La 79e édition du Festival de Cannes vient de refermer ses portes. Après douze jours de frénésie sur la Croisette, le jury, présidé par le maître de cérémonie sud-coréen Park Chan-wook, a rendu son verdict. Un palmarès dense, teinté d’une noirceur politique évidente, qui écarte d’emblée des œuvres non engagées (réfutant de fait les qualités évidentes de certains long-métrages).

La rumeur enflait depuis sa projection, la voilà confirmée. Fjord, drame réalisé par le cinéaste roumain Cristian Mungiu, s’empare de la prestigieuse Palme d’or. Dix-neuf ans après 4 mois, 3 semaines, 2 jours, le réalisateur intègre le club très fermé des doublement palmés.

Portée par les performances Sebastian Stan et Renate Reinsve, cette fresque sur une famille catholique pieuse confrontée aux services sociaux dissèque la polarisation de la société contemporaine. On traitera de sa pertinence lors de sa sortie en salles prévue pour fin aoüt.

Des maîtres russes et polonais toujours au sommet

Dans le sillage de cette Palme, le Grand Prix revient à Minotaure d’Andreï Zviaguintsev. Le réalisateur russe propose nouvelle tragédie contemporaine. Ce remake de La Femme infidèle de Claude Chabrol, transposé dans la Russie contemporaine à l’aube de l’invasion de l’Ukraine, se teinte d’une aura politique Le Prix du Jury met en lumière le travail naturaliste de Valeska Grisebach avec L’Aventure rêvée.

Quand Chabrol inspire le présent

Le Prix de la mise en scène est ainsi partagé entre deux univers radicalement opposés : La Bola Negra signé par le duo espagnol Javier Calvo et Javier Ambrossi, à l’esthétique flamboyante et viscérale et Fatherland du Polonais Paweł Pawlikowski, empreint de sa mélancolie classique et monochrome habituelle.

Même constat pour les prix d’interprétation, qui saluent la force des duos : ainsi le Prix d’interprétation féminine honore Virginie Efira et Tao Okamoto pour leur partition bouleversante dans Soudain de Ryûsuke Hamaguchi, tandis que le Prix d’interprétation masculine récompense les jeunes Emmanuel Macchia et Valentin Campagne qui raflent la mise pour Coward, confirmant la capacité de Lukas Dhont à diriger de jeunes talents avec une sensibilité inouïe.

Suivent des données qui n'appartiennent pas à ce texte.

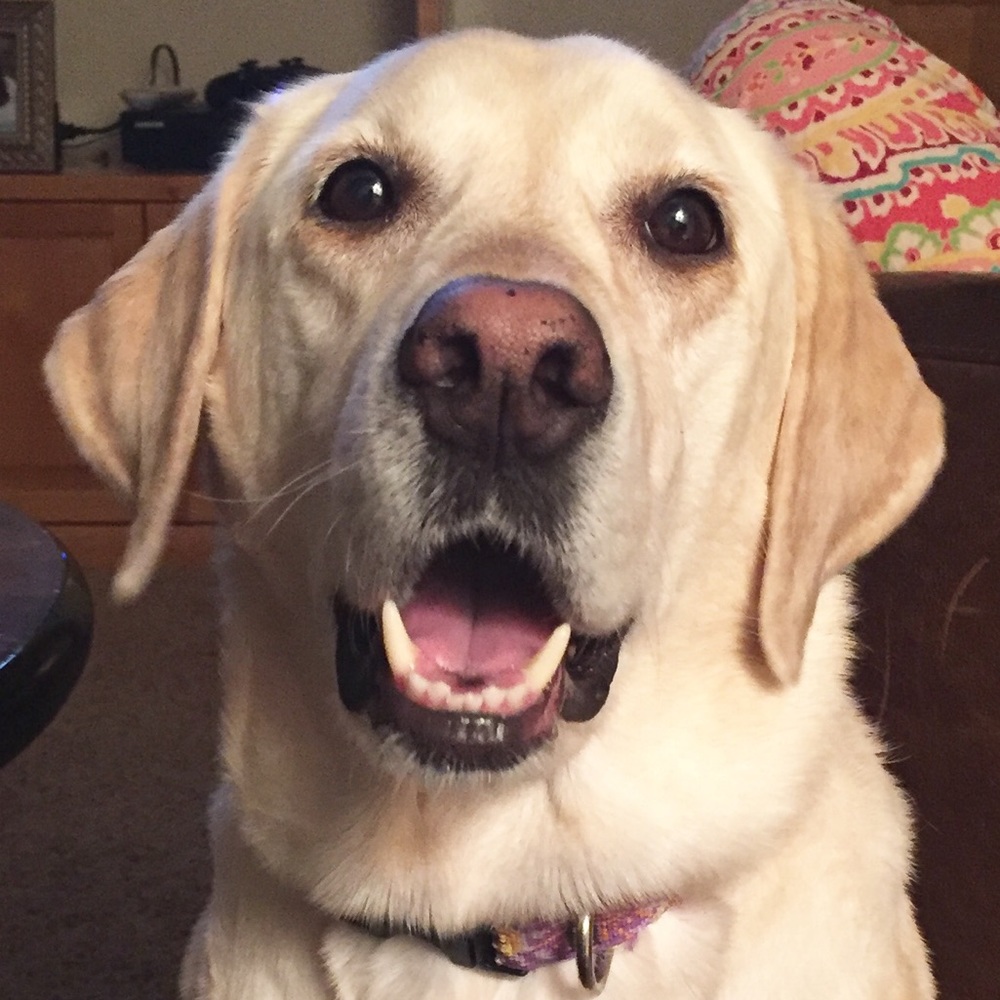 😋 MEET THE POSHER 😋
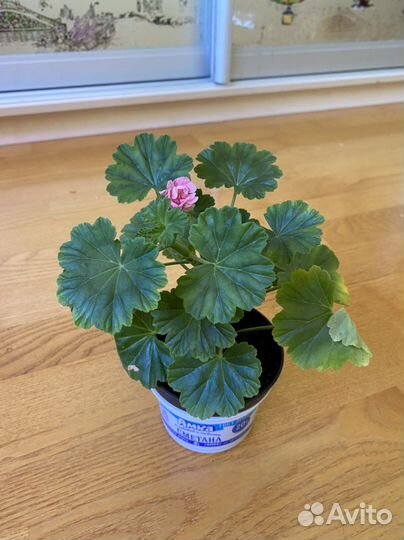 Пеларгония герань сорт Анита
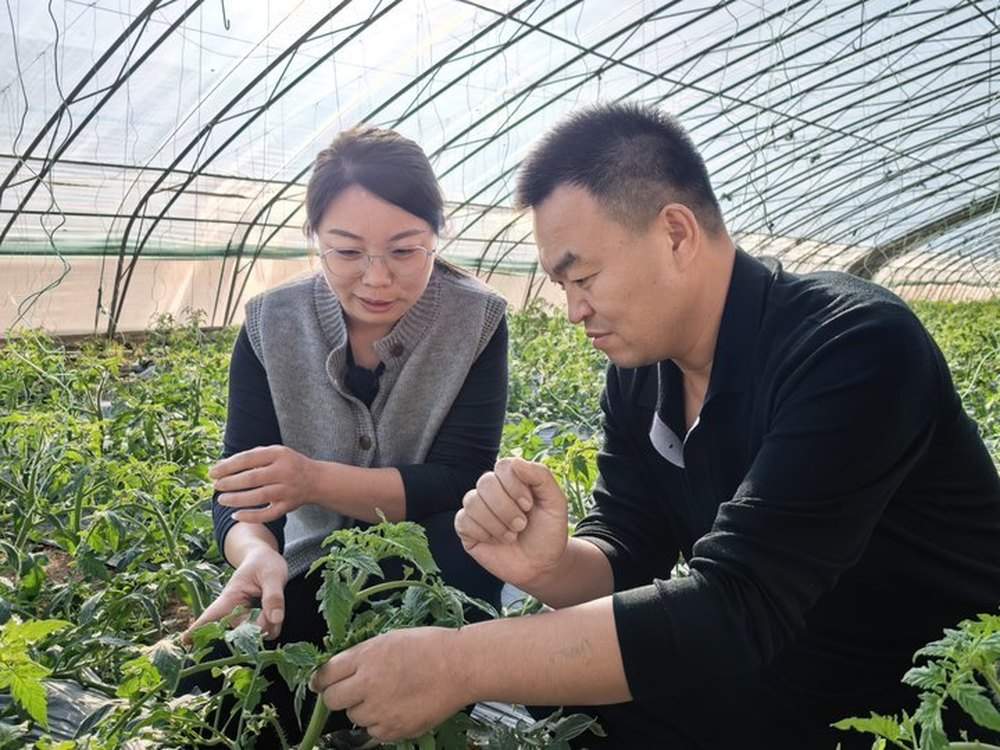 幼师辞职种大棚 她把草莓西红柿种成“抢手货”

Du côté du scénario, c’est la plume d’Emmanuel Marre qui est célébrée. Notre salut, drame historique suivant un fonctionnaire sous le régime de Vichy, incarné par Swann Arlaud. Enfin, la Caméra d’or vient encourager Marie-Clémentine Dusabejambo pour Ben’imana, tandis que la Palme d’or du court métrage est décernée à Federico Luis pour Aux Adversaires.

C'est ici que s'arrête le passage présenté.